After my service in "E-Boat Alley", I was transferred to Holyhead to the Contraband Control Service. This consisted of a small drifter which carried two officers out to ships coming into Liverpool, Holyhead and other ports, so that their cargo could be inspected. I was the signalman and it was my job to challenge ships coming in to port - mostly from Dublin. The main ships were "Cambria" and "Hibernia". Ships from Portugal were also checked as Portugal was not involved in the war. Security was tight as was shown when we were in for a boiler clean. My wife came to visit and was looking in a shop window when she was challenged by two men and escorted to the police station. Apparently she answered the description of a spy they were looking for!
Sometimes there was not much to do and we put out a drift net to catch herrings. We also caught dogfish which we used as bait for our lobster and crab pots. The ships engineer used to use the rough skins of the dogfish to polish the brass in the engine room. We often had a crab or lobster to take ashore. We pickled or fried the herrings. Because we had fish free from the sea our canteen often made a profit! Previously on the Gleaner if you wanted a dessert you had to get the ingredients yourself, make it, and ask chef to bake it often bribing him with a tot of Rum.

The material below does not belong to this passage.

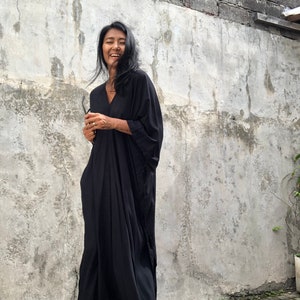 KT50/Black dyed ,Long Kaftan simple Dress, stylish, Elegant, Miami,lbiza,Holiday Dress,Evening dress,loose fit,Christmas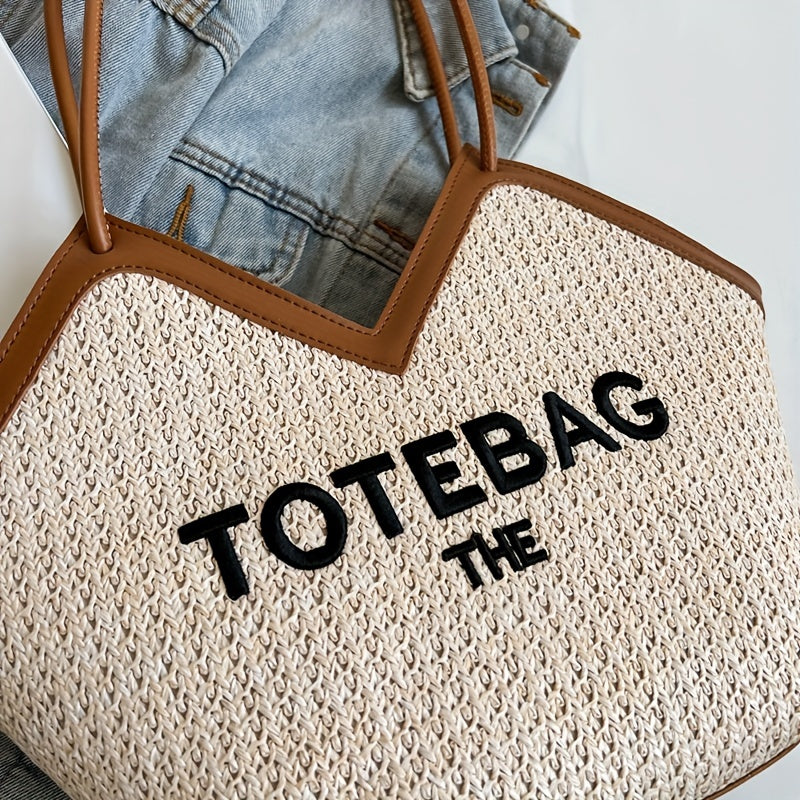 トレンド 編み込み トートバッグ レター柄 ストローショルダーバッグ ショッピング・ビーチに使える レディースバッグ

A short time after this I was accepted for officer training and I went down to Hove to the King Alfred training school. After this I did further training as a navigating officer and still more training in Greenwich. My first appointment was to HMS Ross part of a flotilla of minesweepers or "Smoky Joes", the last of the H.M. ships which were fuelled by coal. On this ship we were overrun with cockroaches. We had to have them chemically killed. We had to go into dry dock and all leave the ship. Even after this some of them survived. When we needed a boiler clean or to coal ship we went into Swansea. All the ships company were involved in coaling - shovelling the coal into the hold - the only exception being the captain. This was typical of a Royal Navy smaller ship's crew which were very much like a family together.